The first day of Bitcoin FilmFest was a whirlwind of workshops, panels and running between stages. The pitch competition did not go my way. Another ‘pitching rabbit’ (an actual experienced film-maker) was selected to win the €3,000 of funding.
Rather than get up and search for coffee, I replay the scenes in my head. What could I have done differently? Will investors ever believe in me: I’m just a writer with no contacts in the industry. Do I have what it takes to produce a film?
Eventually, I haul myself out of bed and walk to Amondo, the festival’s morning HQ (and technically, the smallest cinema in Europe). Upon arrival, I find Bitcoin psychonaut Ioni Appelberg holding court in front of around a dozen enraptured disciples. Soon, the conversation spills out to the street to free up space for more workshops.
I attend a talk on film funding, then pay for coffee using bitcoin. I see familiar faces from the two previous nights. We compare notes on Friday night and check the day’s schedule. The morning clouds burn off, and things feel a little brighter.

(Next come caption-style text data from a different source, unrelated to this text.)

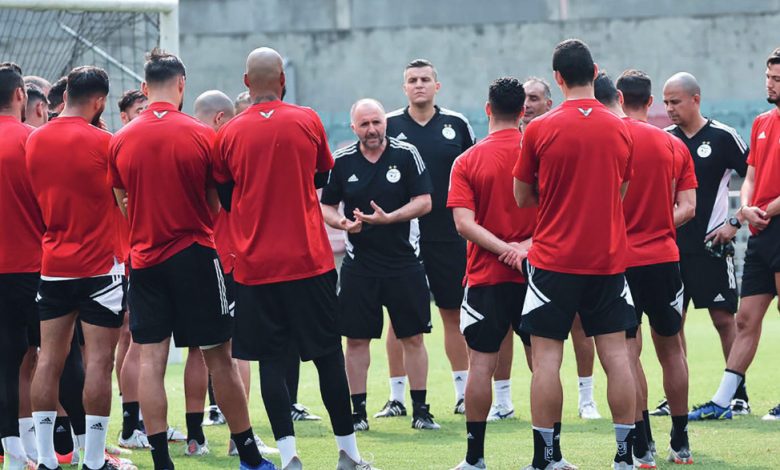 Djamel Belmadi entouré de joueurs de l'équipe nationale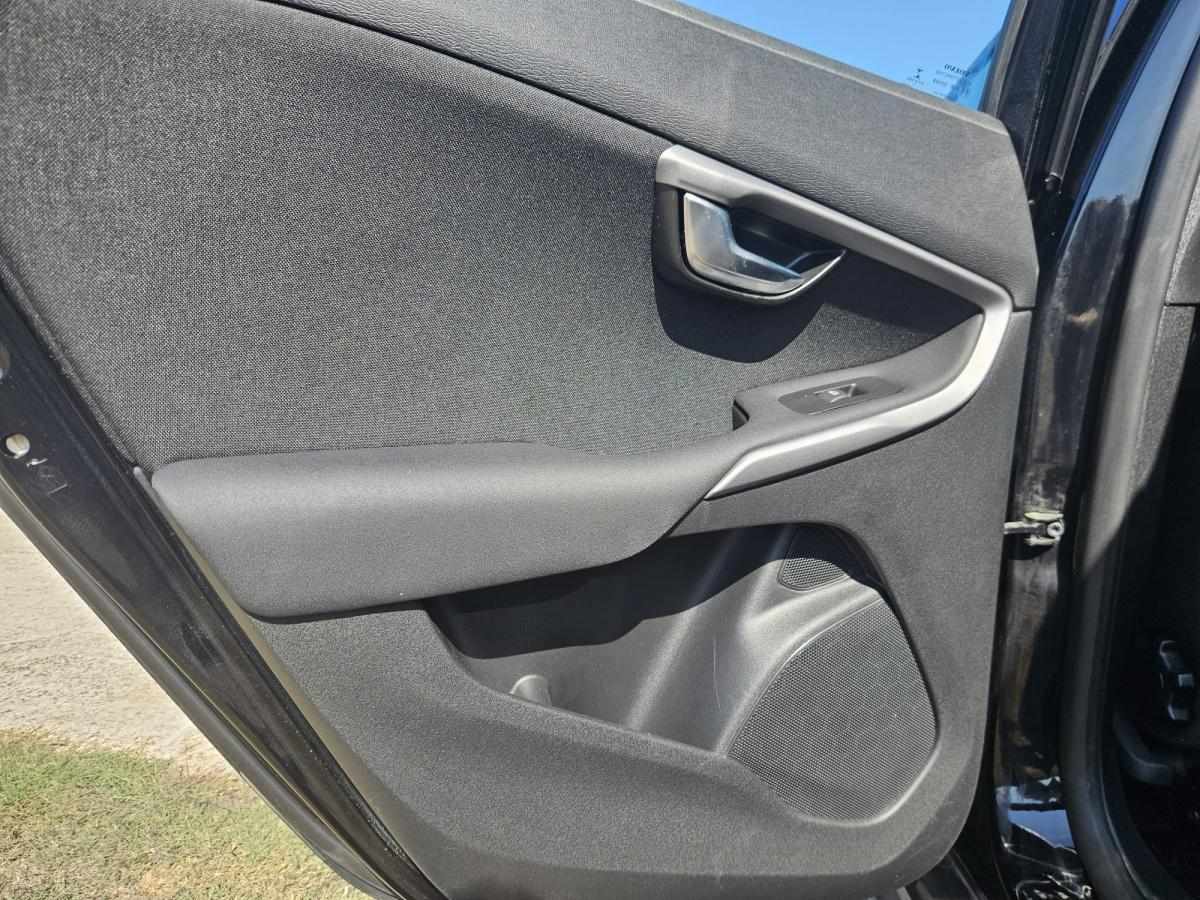 volvo-v40-cross-country-2017-diesel-1969cc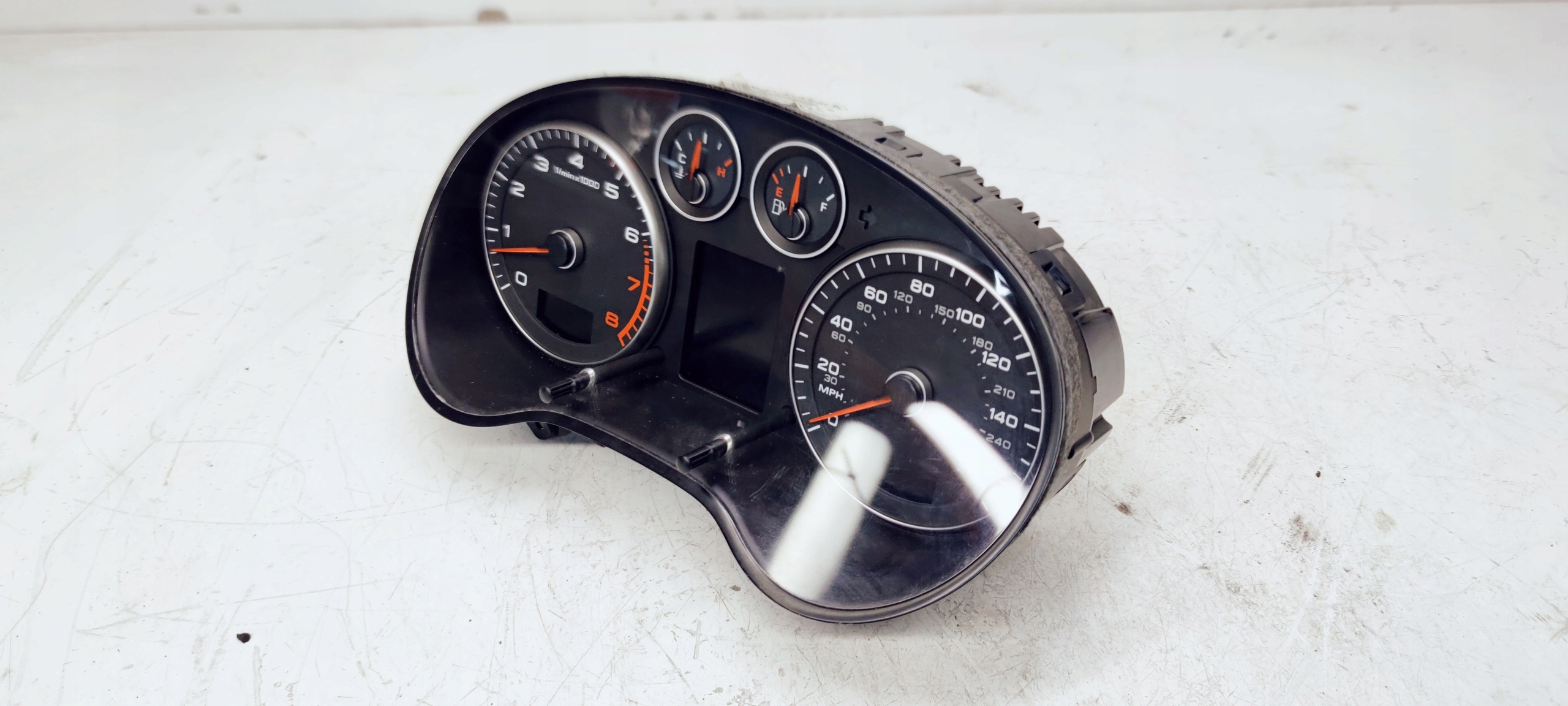 dials dials AUDI A3 8P LIFT USA 8P0920982G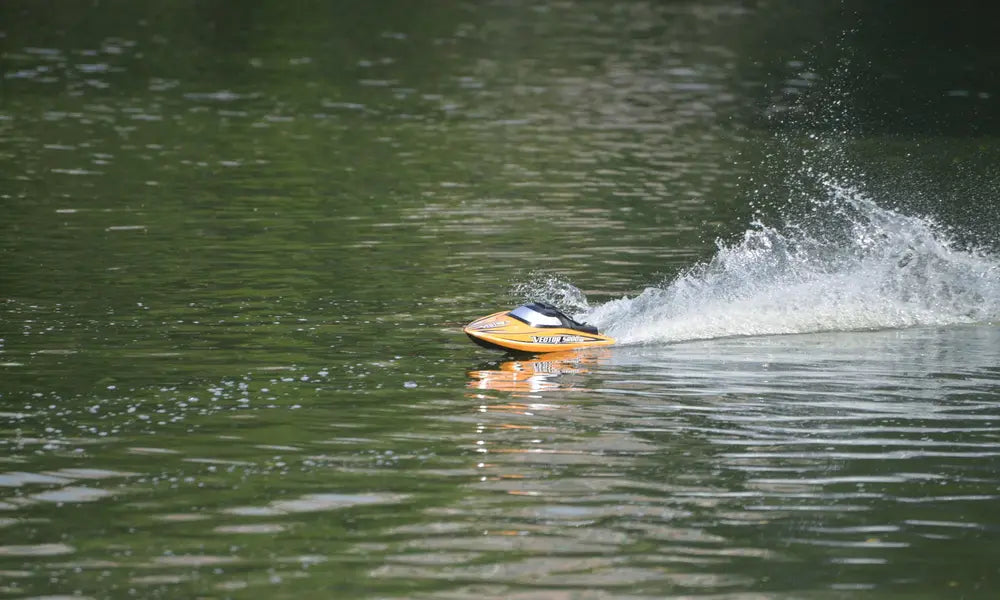 RC Racing Boats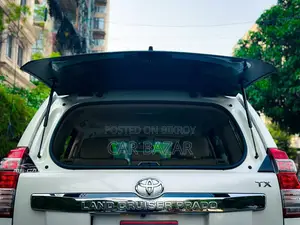 Toyota Land Cruiser Prado Tx-L limited 2015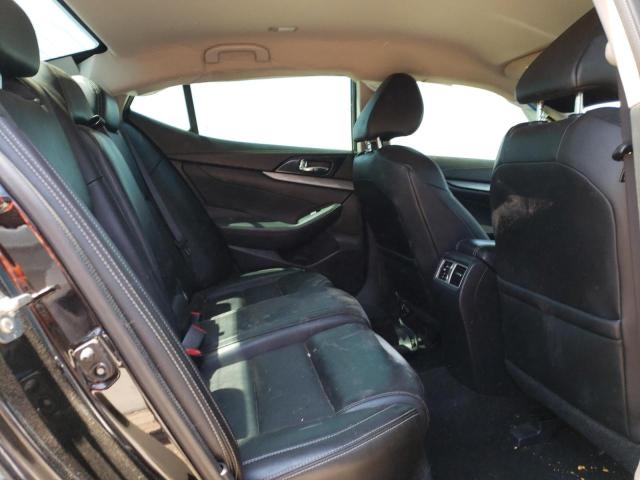1N4AA6AP4JC387318 Nissan Maxima 3.5s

The afternoon session begins just a few blocks away in the towering Palace of Culture and Science. My role in today's proceedings is to present my freedom fiction project, 21 Futures, on the community stage. Other presentations range from rap videos and advice on finding jobs in bitcoin to hosting ‘Bitcoin Walks’. This is how we are fixing the culture.
Saturday 8PM I feel a tap on my shoulder. ‘Excuse me, Mr. Philip. Your car is waiting. The Producers’ Dinner is starting soon’.
What? Me, a producer? I’ve been taking part in some panels and talks, but I assumed my benefits as a guest were limited to a comped ticket and generous goodie bag.
Soon, I am sharing a taxi with a Dubai-based journalist, a Colombian director, and the cypherpunk sponsor of the pitch competition I didn’t win.
The pierogies I dreamed of earlier that day somehow manifest (happy endings do exist), and we enjoy a raucous dinner including obligatory slivovitz.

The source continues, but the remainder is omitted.